Touch Education

There is a potential revolution in every touch. Understandably feared by the hierarchy, touch is wild. A staggering amount of information is exchanged, for we both give and receive when we touch. The traditional response of vested power has been to constrain, eliminate or marginalize touch.

At least since Descartes, and likely for a millennium prior, we in the West have elevated the spirit and the mind. We denigrate the body. There is political convenience to this stand. When a populace is suffering to survive, leaders can direct attention away from themselves and toward a readily available enemy, the body. As a symbol of all that is brutish and base, the body serves as a target for frustration and a repository for powerlessness.

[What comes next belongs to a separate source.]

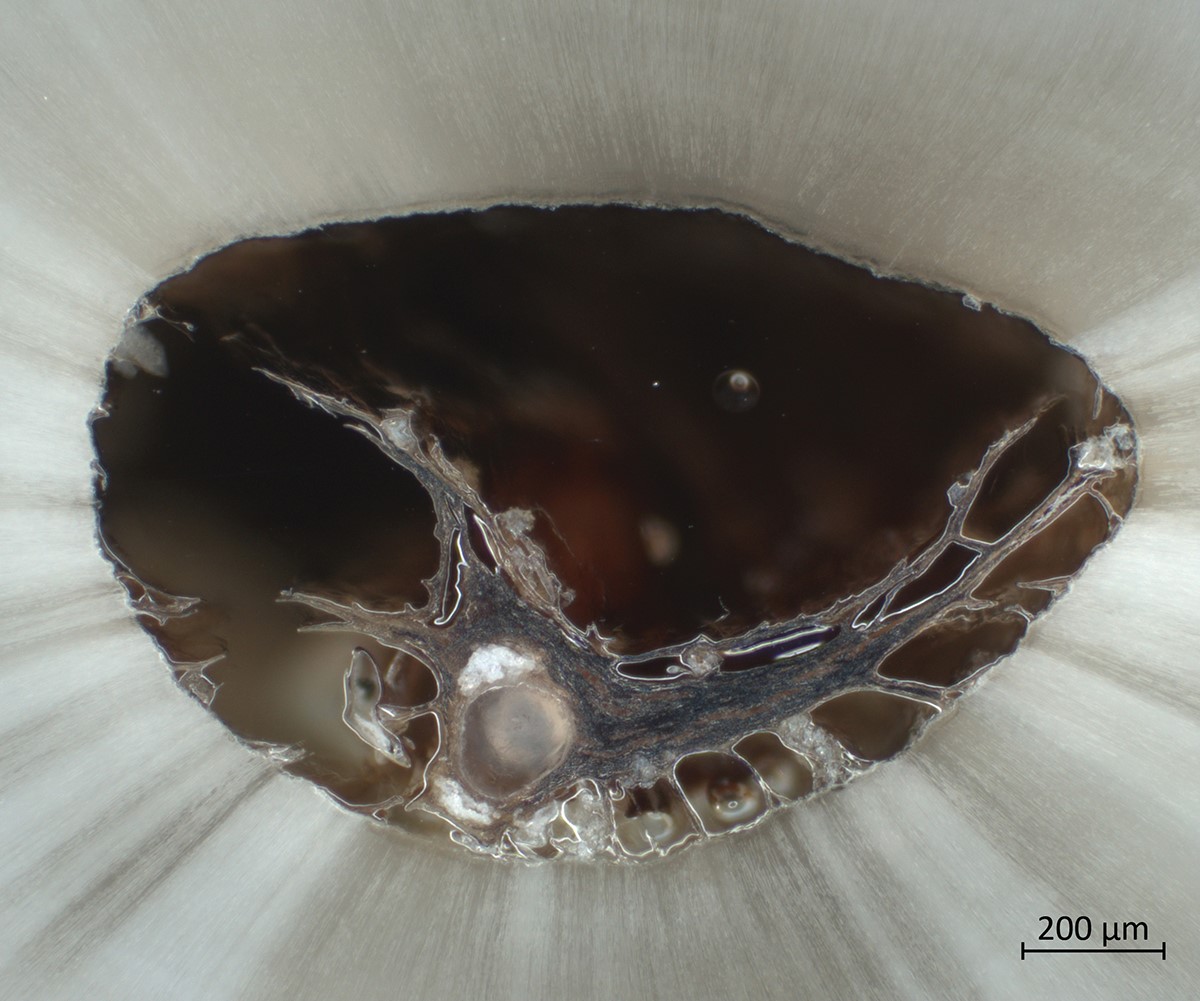 alliedhightech's tweet image. Looks like we picked the right oyster for a pearly material!

This is actually a deer tooth and it belongs to this smiling deer showing of his perfect grin!
hubs.la/Q026rf4n0
#metallography #micrography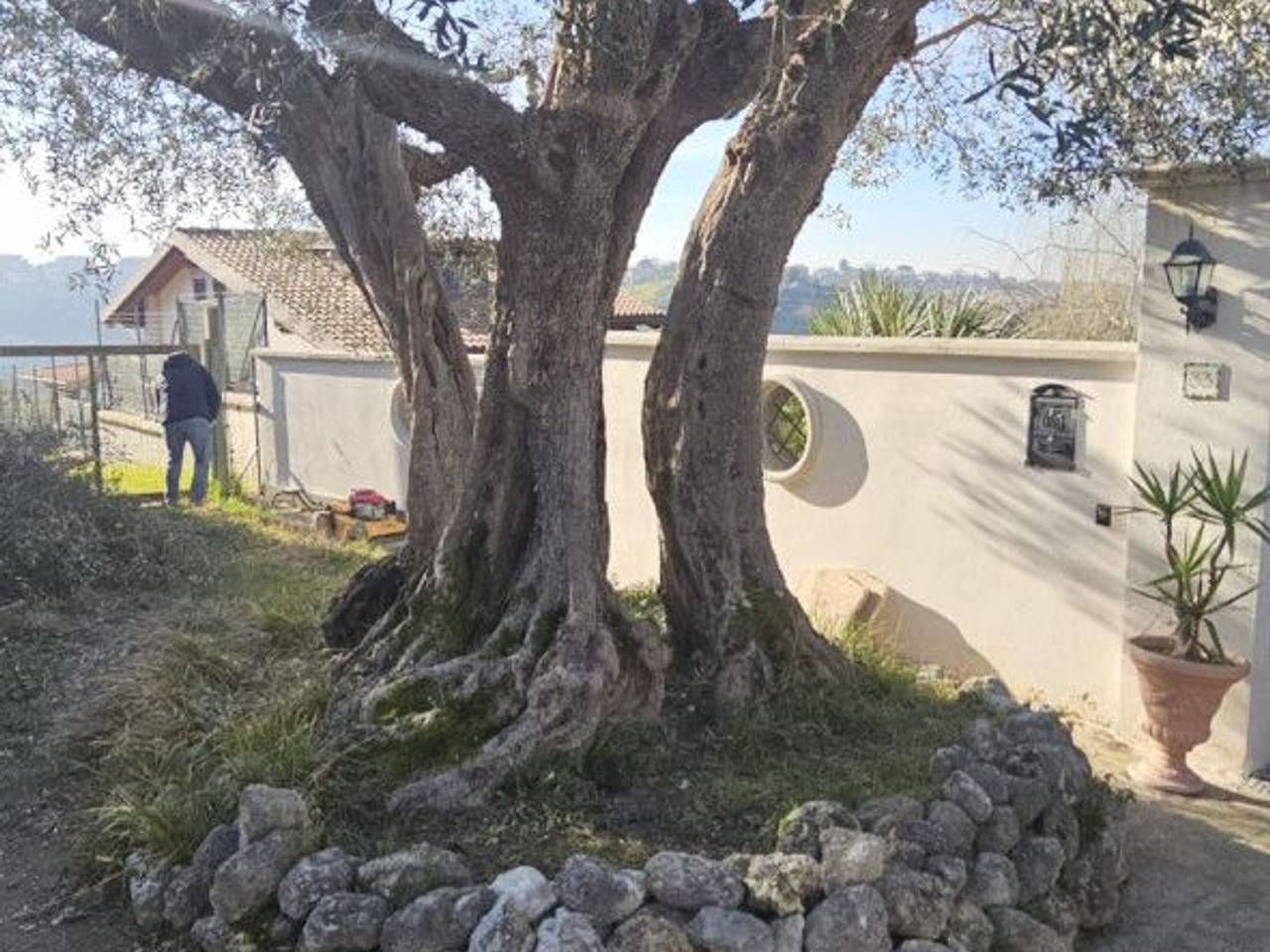 immagine annuncio 3 di 8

This creates a divisiveness that suits the rule of force. We know so little about the people around us, and fear them so deeply, because we do not touch them. We lack the natural sense of who we interact with, and instead face a large set of abstract characters in a social drama that becomes a hideous dance of terrified automatons.

With this strategy, we have come close to annihilating our world. Our loss of inherent sense of the earth beneath our naked feet (our soles) informs our alienation. We have made choices so coldly destructive that there is serious question about the continued viability of humanity and a massive number of other species.

Touch is given and received directly through this body. There can be no pretense of virtual touch, of abstract touch, or realistically of touch by proxy. Thus the aspersions cast by our political structures on the body have come to color all awareness of touch.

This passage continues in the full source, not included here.